### REQUIREMENT:
Images are to be dropped, and the rest of the data reproduced exactly.

### PROVIDED DATA:
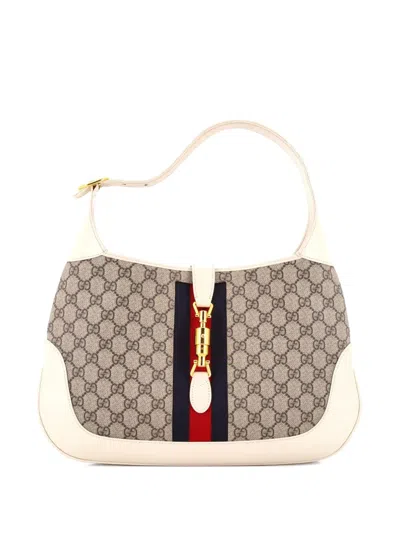 Pre-owned Gucci Jackie 1961 Gg Coated Canvas Medium Hobo Bag In Brown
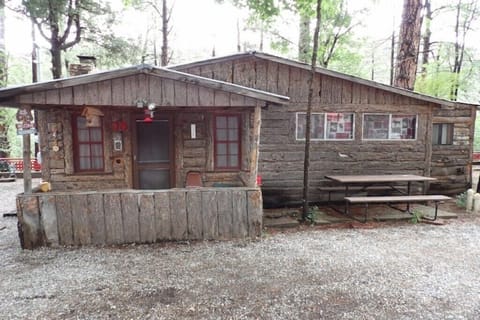 Cabin 18 is a large 2 bedroom, 1 bath and can sleep up to 6 people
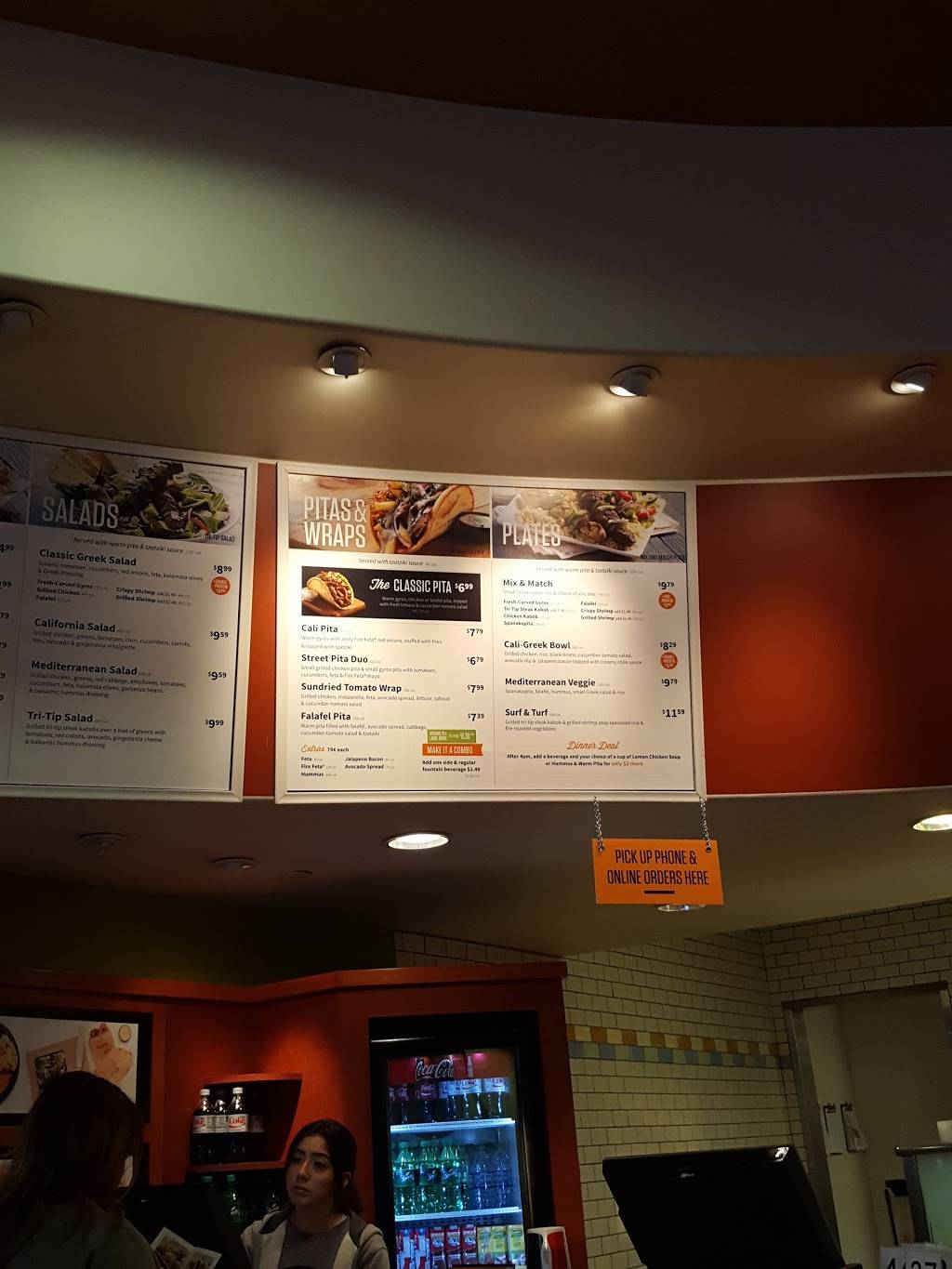 Daphnes | restaurant | 2667 Tapo Canyon Rd b, Simi Valley, CA 93063, USA | 8055260450 OR +1 805-526-0450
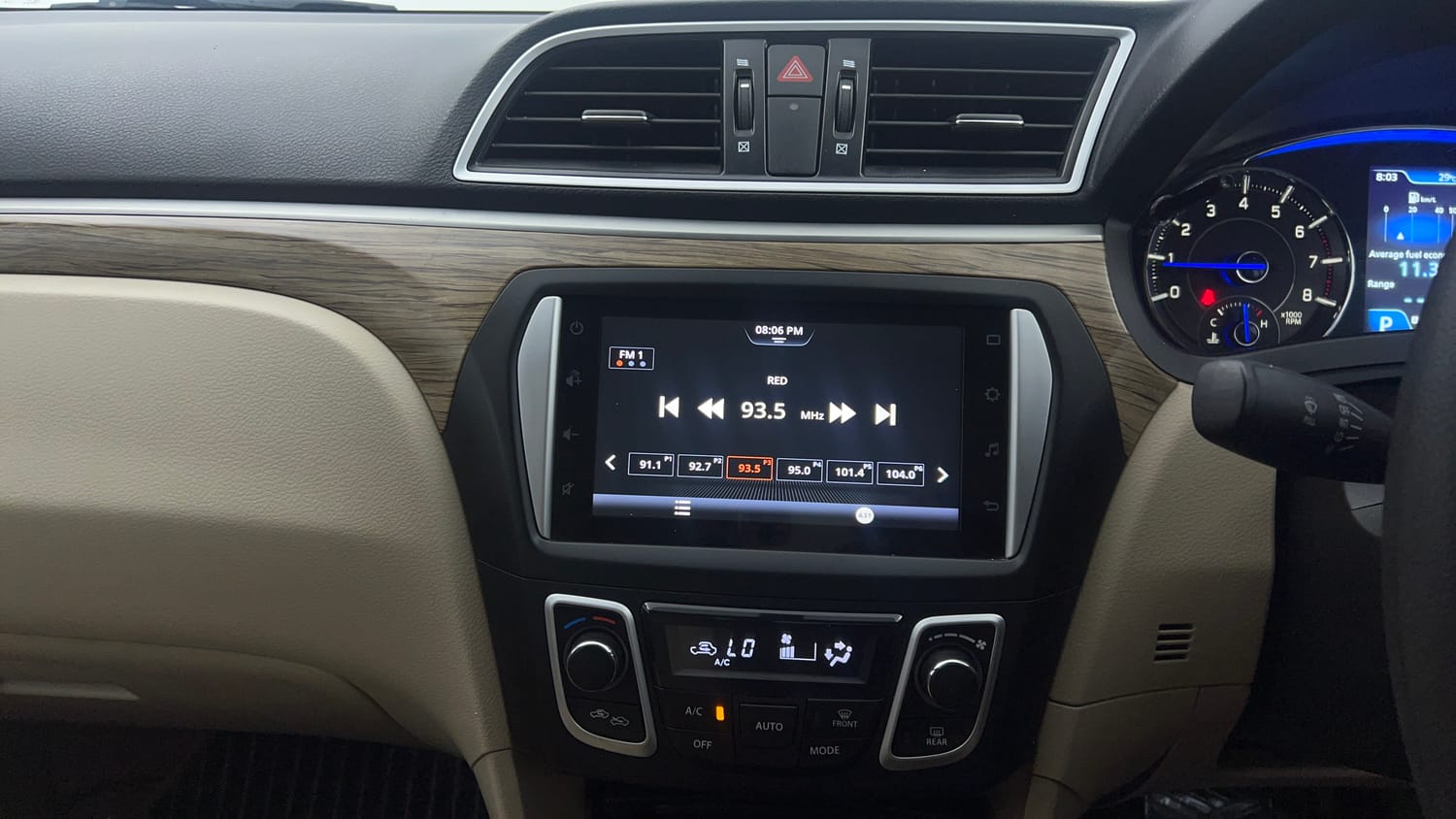 Used 2024 Maruti Suzuki Ciaz Zeta 1.5 AT Petrol Automatic top_features Integrated (in-dash) music system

### ANSWER BOX:
 Pre-owned Gucci Jackie 1961 Gg Coated Canvas Medium Hobo Bag In Brown
 Cabin 18 is a large 2 bedroom, 1 bath and can sleep up to 6 people
 Daphnes | restaurant | 2667 Tapo Canyon Rd b, Simi Valley, CA 93063, USA | 8055260450 OR +1 805-526-0450
 Used 2024 Maruti Suzuki Ciaz Zeta 1.5 AT Petrol Automatic top_features Integrated (in-dash) music system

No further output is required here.